Brief descriptive captions:
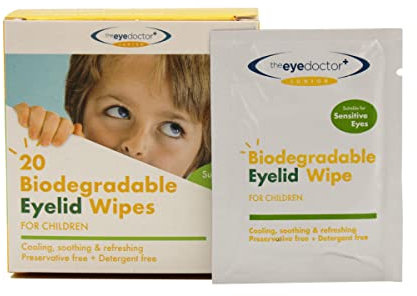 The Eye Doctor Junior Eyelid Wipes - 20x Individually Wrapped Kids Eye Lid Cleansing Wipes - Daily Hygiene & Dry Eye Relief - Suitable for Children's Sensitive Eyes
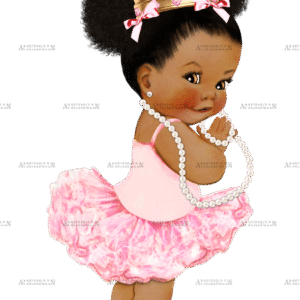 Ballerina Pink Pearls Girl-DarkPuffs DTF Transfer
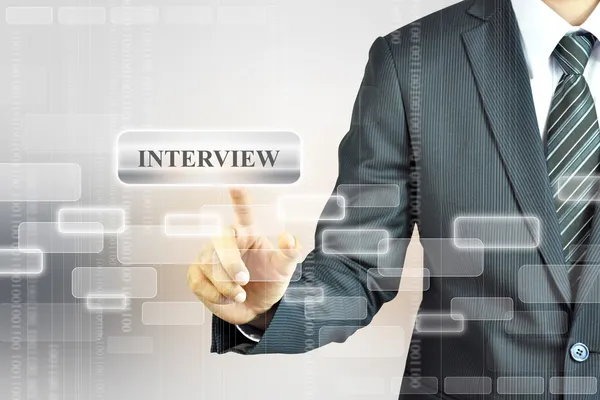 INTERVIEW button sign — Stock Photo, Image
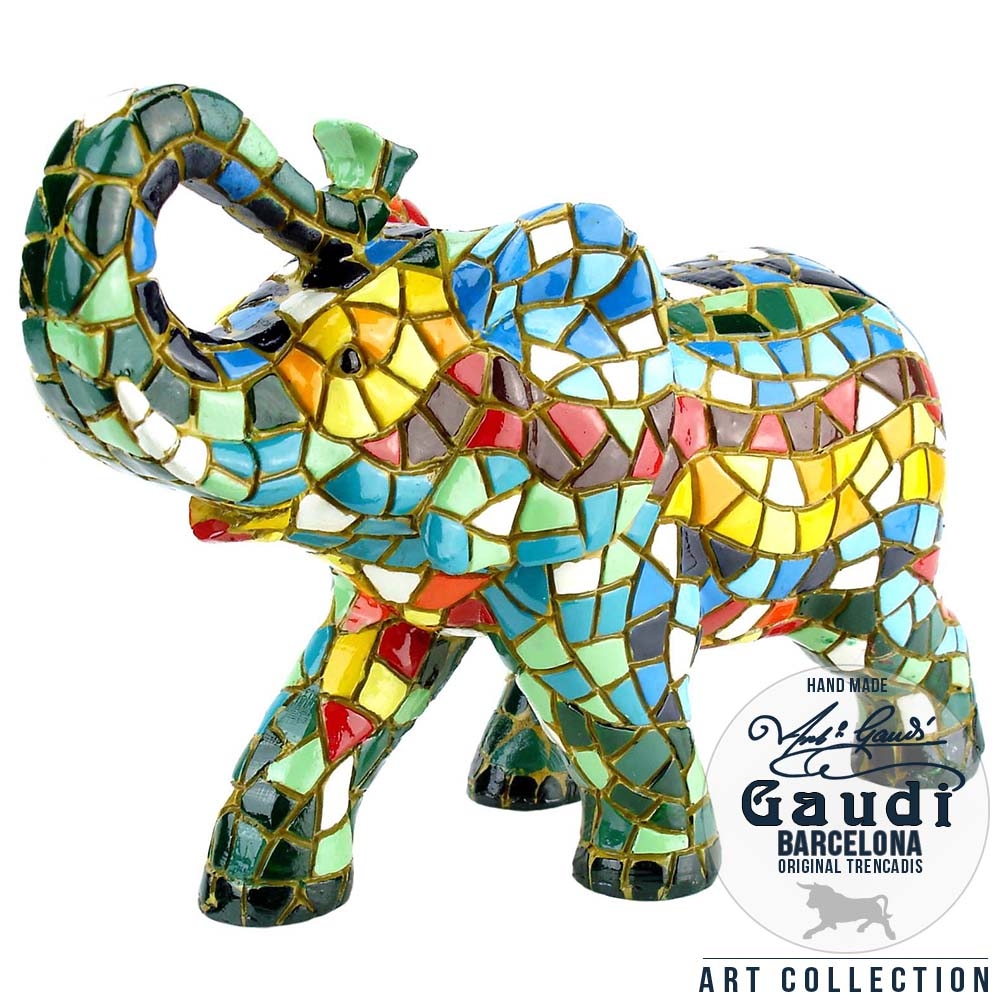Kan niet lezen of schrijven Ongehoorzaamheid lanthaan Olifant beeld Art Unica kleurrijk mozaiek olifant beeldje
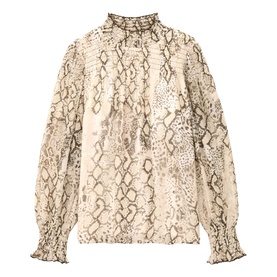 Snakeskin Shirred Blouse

— WORK ORDER —
The records above must be repeated exactly, minus their pictures.

— RESULT FOR THIS TASK —
 The Eye Doctor Junior Eyelid Wipes - 20x Individually Wrapped Kids Eye Lid Cleansing Wipes - Daily Hygiene & Dry Eye Relief - Suitable for Children's Sensitive Eyes
 Ballerina Pink Pearls Girl-DarkPuffs DTF Transfer
 INTERVIEW button sign — Stock Photo, Image
Kan niet lezen of schrijven Ongehoorzaamheid lanthaan Olifant beeld Art Unica kleurrijk mozaiek olifant beeldje
 Snakeskin Shirred Blouse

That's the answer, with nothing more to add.